CTの待機料の収受が進んでいない

カーゴニュース 2024年5月16日 第5242号

FOCUS
海コン車両の待機料、「発注者」に支払い義務

コンテナターミナルでの荷待ちに国交省が見解

2024/05/16 07:00
FOCUS トラック輸送 海運

 東京港大井ふ頭の特定コンテナターミナル(CT)で、海上コンテナ輸送車両の長時間待機が問題となっている。4月からのトラックドライバーの労働時間規制の厳格化により、輸送業務への影響は従来にも増して大きくなっており、「トラックGメン」制度を活用した改善への働きかけを求める声も強まっている。港を起点とした運送には、船社を選定した「荷主」、運送の発注者である「海貨業者」、CTを運営する「ターミナルオペレーター」と複数の主体が関与しており、船の遅れなどに起因する不可抗力の待機もある。
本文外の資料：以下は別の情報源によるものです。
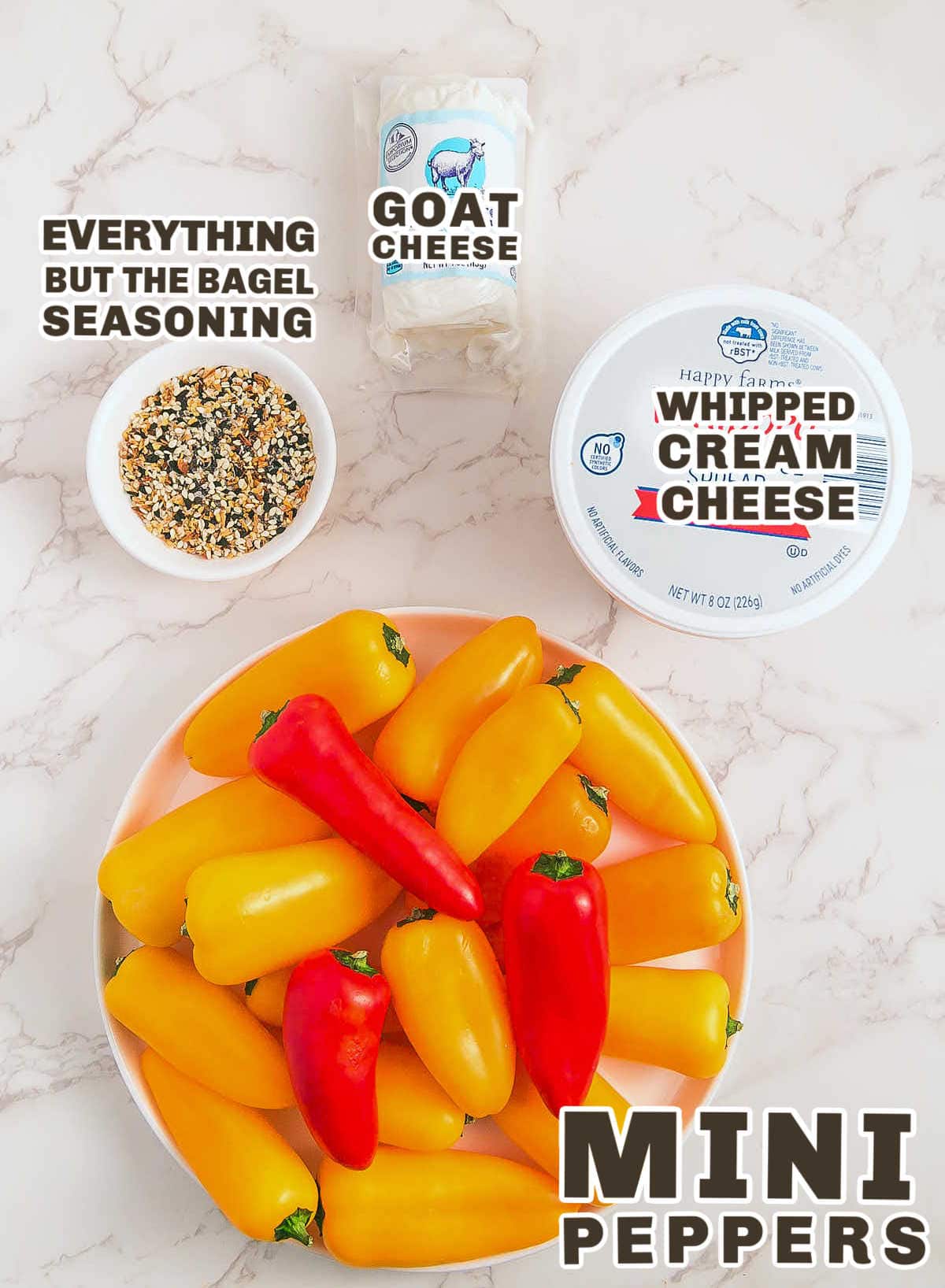 Ingredients needed to make Stuffed Mini Peppers.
待機という現象に対する責任の範疇が明確でないことが、待機料の収受が進まない一因にもなっている。

 

6~7時間の待機、労働時間違反のリスク

 

 東京港のCTの待機時間は近年、おおむね改善傾向にあったが、大井ふ頭の特定のCTで長時間待機が発生している。海コン業者によると、待機時間には日によって山・谷があり、4月は長い日で6~7時間、短い日でも3~4時間があったという。

 

 4月からトラックドライバーに時間外労働の上限規制が適用され、新たな改善基準告示も施行されたことで、長時間待機が発生すると、海コン業者はその日の業務、さらには翌日の業務を削らなければならなくなるなど運行に支障が出る。

 

 今回、特定のCTでの待機の発生はシステムの更新に伴うものとされているが、海コン業者は時間外労働の上限や新たな改善基準告示に違反するリスクを避けるため、当該ターミナルの輸送の受注を敬遠する動きも出てきている。

 

CT長時間待機に対する行政の見解に注目

 

 海コン業者にとって「荷待ち」は、工場や倉庫などで積み込み、荷降ろし時に発生する待機、CTのゲートで発生する待機の2種類がある。このうち工場や倉庫での待機については、「標準的な運賃」で規定する待機料を収受できている会社が多い。

 

 工場や倉庫で一定以上の待機が発生した場合、待機料は運送の「発注者」に請求しており、海貨業者やメーカーなどの真荷主、あるいは運送元請となる大手海コン業者がこれに該当する。

 

 しかしその一方で、CTでの待機料を収受できている海コン業者はほとんどない。待機が発生しているCTのオペレーションには海貨業者や荷主は直接関与していないため、「待機料を請求してもムダだ」という先入観が強い。

 

 CTでの長時間待機について「トラックGメン」に相談した海コン業者もあるようだ。ただ、CTは海コン業者にとって「荷主」や「元請」ではなく、また、海コン業者と受発注の関係にはないため、行政の見解や措置の方向性が注目されている。

 

”責任追及”と”料金収受”を分けるべき

 

 行政サイドも港湾物流には関係するプレイヤーが多く、長時間待機の真の要因が見えにくいと認識しており、「港湾物流の関係者が課題を共有することが第一歩だ」としたうえで「長時間待機についての〝責任追及〟と〝料金収受〟は分けて考えるべきであり、商法に基づき運送業務の発注者が待機料を支払うのは当然だ」と指摘する。

 

 3月に施行された新たな標準的な運賃制度では、30分を超える待機で待機料が発生し、以降30分刻みで加算していくと規定。国交省は同制度に基づき、待機料を確実に収受するためには運送契約の書面化が不可欠であるとし、このほど成立した改正物流効率化法・貨物自動車運送事業法では運送契約の書面交付を義務化した。

 

 担当者は、「これまで多くの現場で待機料が支払われない商慣行が続いていたのは事実」としつつ、「今後は標準的な運賃制度に基づき、取引環境を適正化することが発注者と事業者に共通したビジネス上の義務となる」と強調。双方の交渉を後押しすることを法改正の狙いとして挙げる。

 

 管轄エリア内に国内有数の港湾を抱える地方運輸局は、港湾運送業を所管する部署と連携しながら、トラックGメンが港湾地区における課題調査などを行い、長時間の荷待ちを発生させている関係主体に働きかけを行っていく方針にある。働きかけの対象についての情報は国交省本省のトラックGメンとも共有する。

 

 改善がみられない場合は〝陸側〟と同様、本省のGメンが対象企業の本社に対し、「要請」「勧告・公表」を行う。先月成立した改正物流効率化法・貨物自動車運送事業法が施行された後は、長時間待機を放置する荷主・元請に対する規制措置も実施され、港湾物流関係者も対応が求められる。